Your task:
All lines below starting at the one that holds "Ateşi Çalmak 04 - Yaşamın Doruğu" and ending at the one that holds "There's A 99" should be printed exactly, ends included. Pictures should not be printed, nor anything else.

Dataset entries:

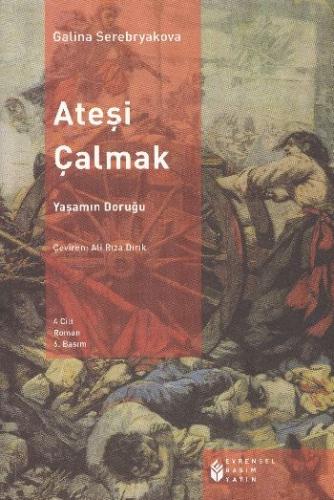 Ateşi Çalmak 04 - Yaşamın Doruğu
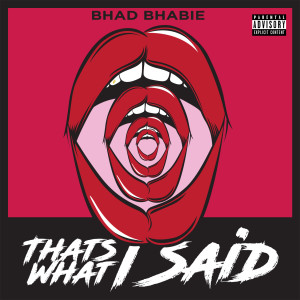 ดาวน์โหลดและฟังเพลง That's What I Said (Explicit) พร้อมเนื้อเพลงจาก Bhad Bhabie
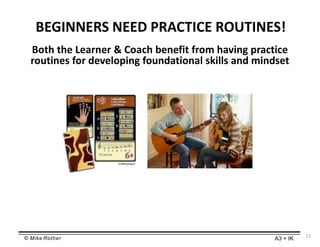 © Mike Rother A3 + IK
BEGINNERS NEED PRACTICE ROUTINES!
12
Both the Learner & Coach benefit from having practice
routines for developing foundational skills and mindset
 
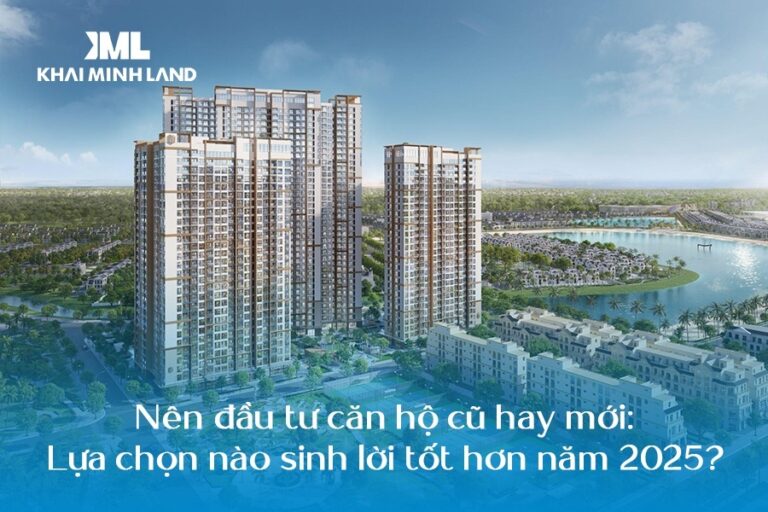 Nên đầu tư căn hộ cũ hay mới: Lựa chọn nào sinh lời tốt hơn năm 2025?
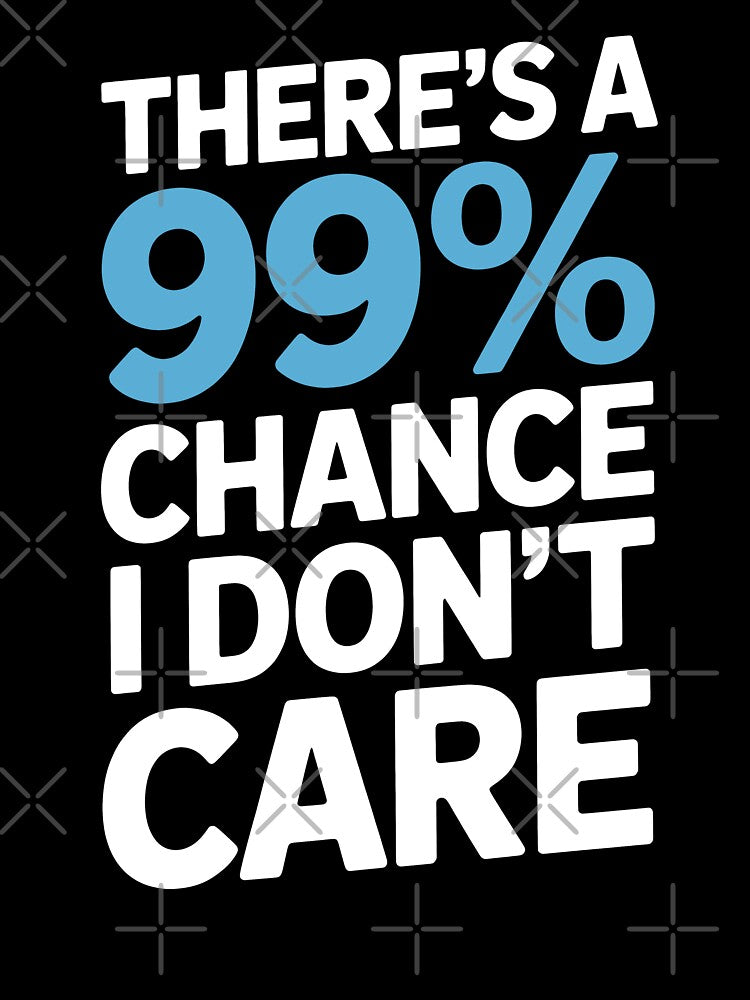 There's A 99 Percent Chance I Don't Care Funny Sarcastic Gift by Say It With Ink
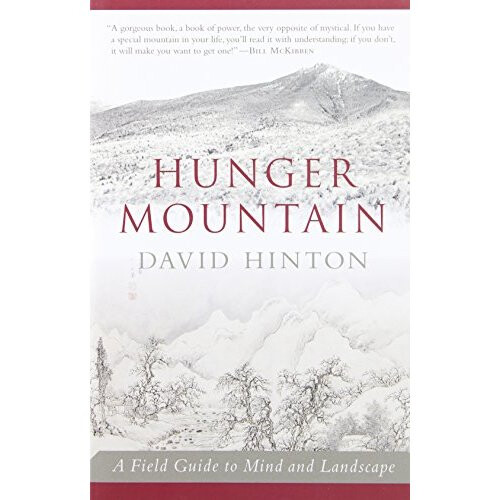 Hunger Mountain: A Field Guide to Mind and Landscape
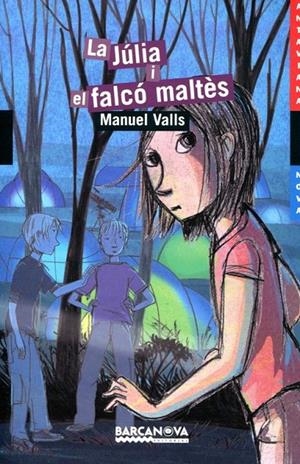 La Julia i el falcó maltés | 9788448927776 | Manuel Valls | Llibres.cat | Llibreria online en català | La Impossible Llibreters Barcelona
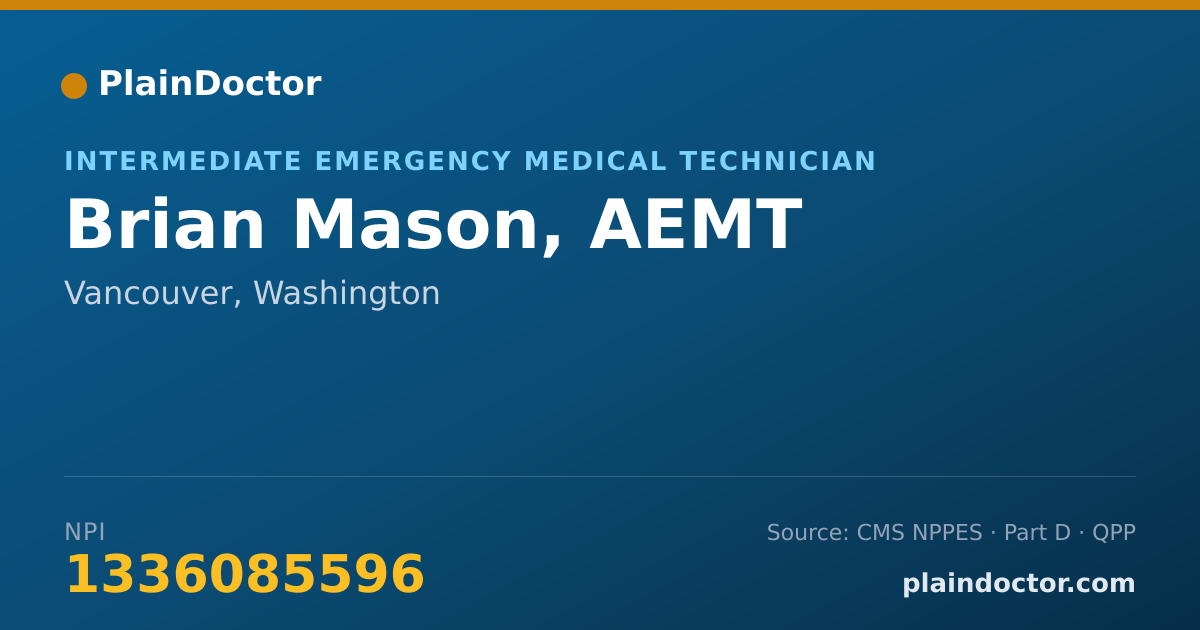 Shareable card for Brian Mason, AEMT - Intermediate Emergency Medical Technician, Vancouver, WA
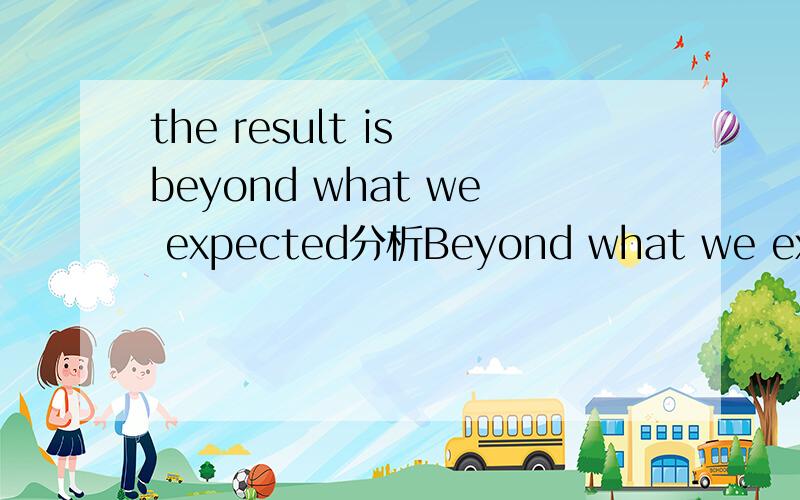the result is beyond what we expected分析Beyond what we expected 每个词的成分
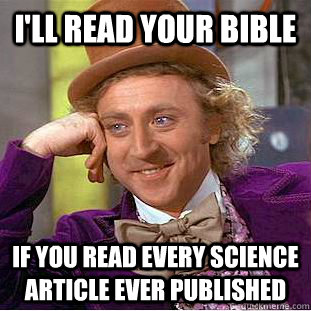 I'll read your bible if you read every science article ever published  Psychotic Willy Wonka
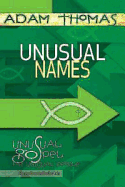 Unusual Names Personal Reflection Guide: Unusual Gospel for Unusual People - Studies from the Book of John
...
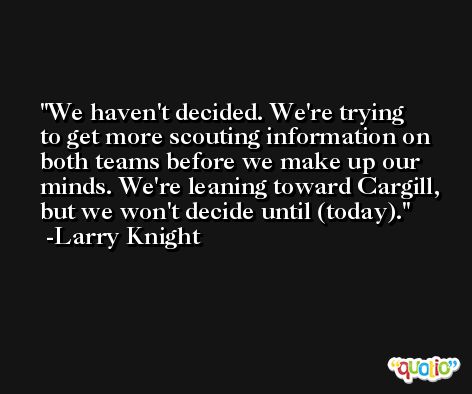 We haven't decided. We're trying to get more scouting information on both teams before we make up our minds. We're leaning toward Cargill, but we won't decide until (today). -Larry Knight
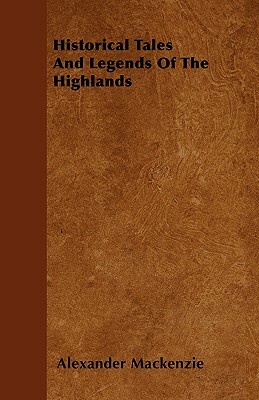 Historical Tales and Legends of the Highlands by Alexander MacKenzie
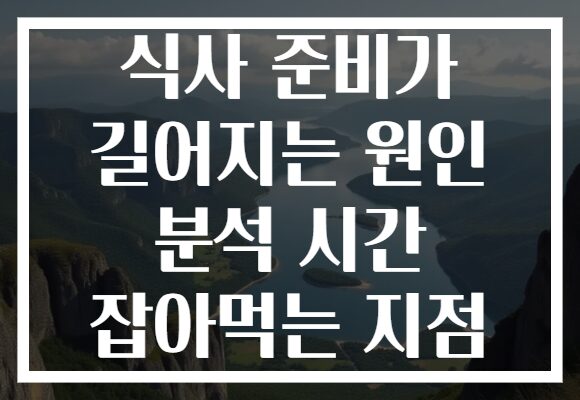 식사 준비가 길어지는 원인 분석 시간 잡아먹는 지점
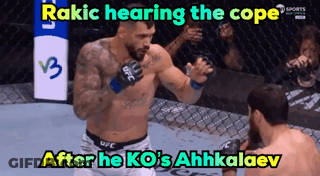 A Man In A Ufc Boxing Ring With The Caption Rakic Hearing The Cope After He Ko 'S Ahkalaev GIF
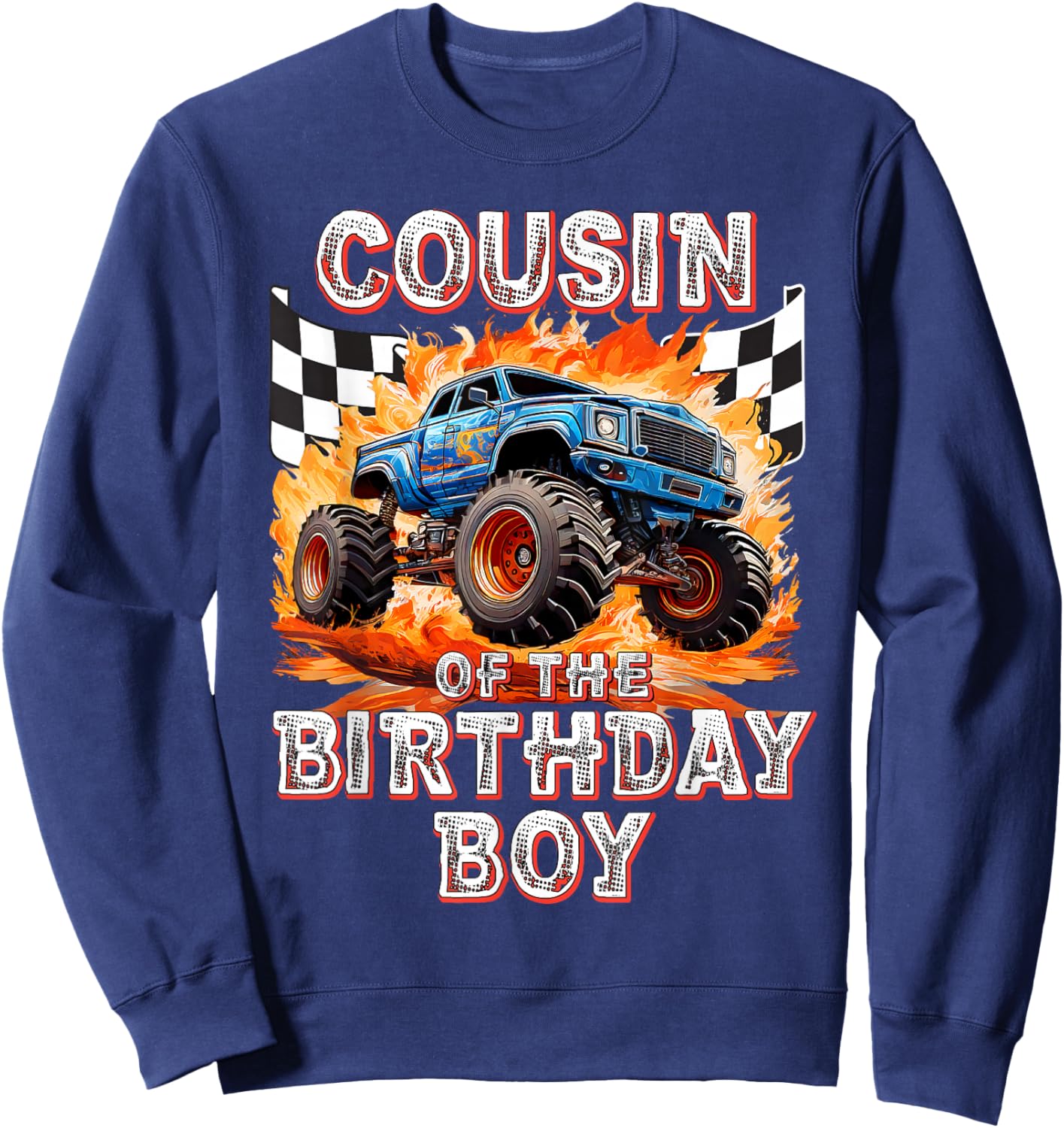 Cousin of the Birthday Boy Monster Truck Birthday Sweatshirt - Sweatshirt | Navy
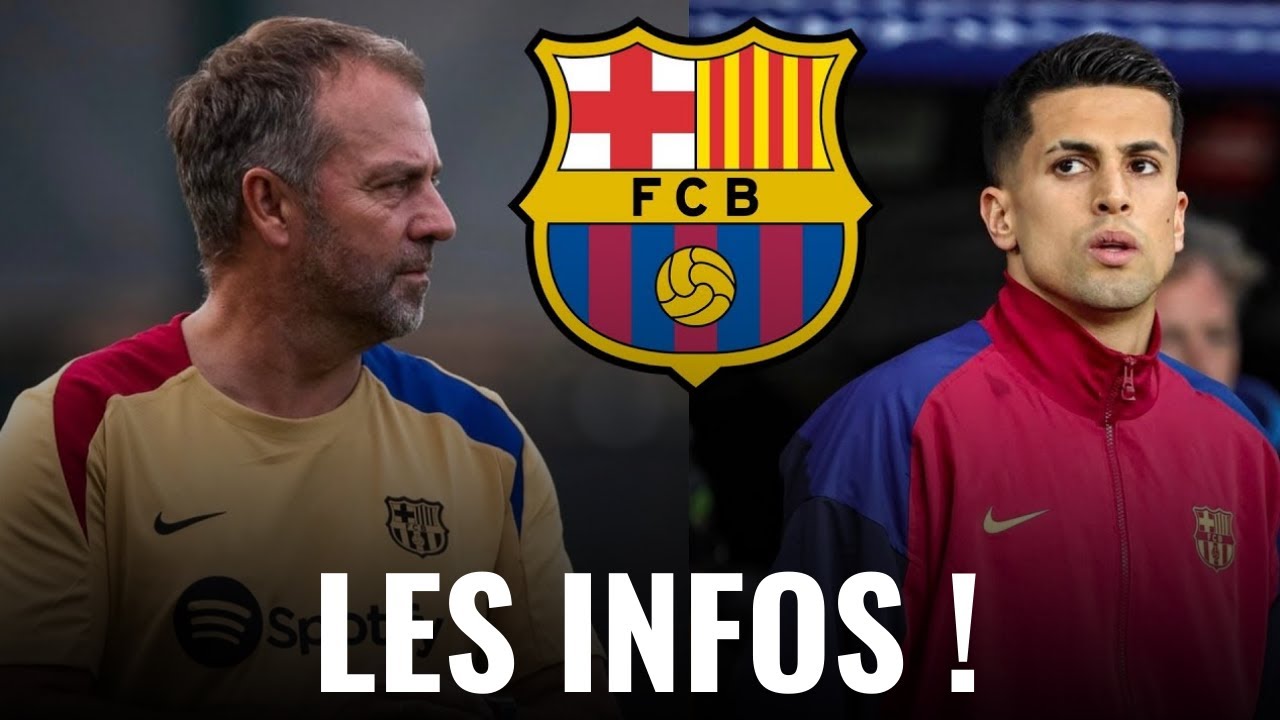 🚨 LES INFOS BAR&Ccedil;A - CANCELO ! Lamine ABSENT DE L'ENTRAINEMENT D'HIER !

Output:
 Ateşi Çalmak 04 - Yaşamın Doruğu
 ดาวน์โหลดและฟังเพลง That's What I Said (Explicit) พร้อมเนื้อเพลงจาก Bhad Bhabie
 © Mike Rother A3 + IK
BEGINNERS NEED PRACTICE ROUTINES!
12
Both the Learner & Coach benefit from having practice
routines for developing foundational skills and mindset
 
 Nên đầu tư căn hộ cũ hay mới: Lựa chọn nào sinh lời tốt hơn năm 2025?
 There's A 99 Percent Chance I Don't Care Funny Sarcastic Gift by Say It With Ink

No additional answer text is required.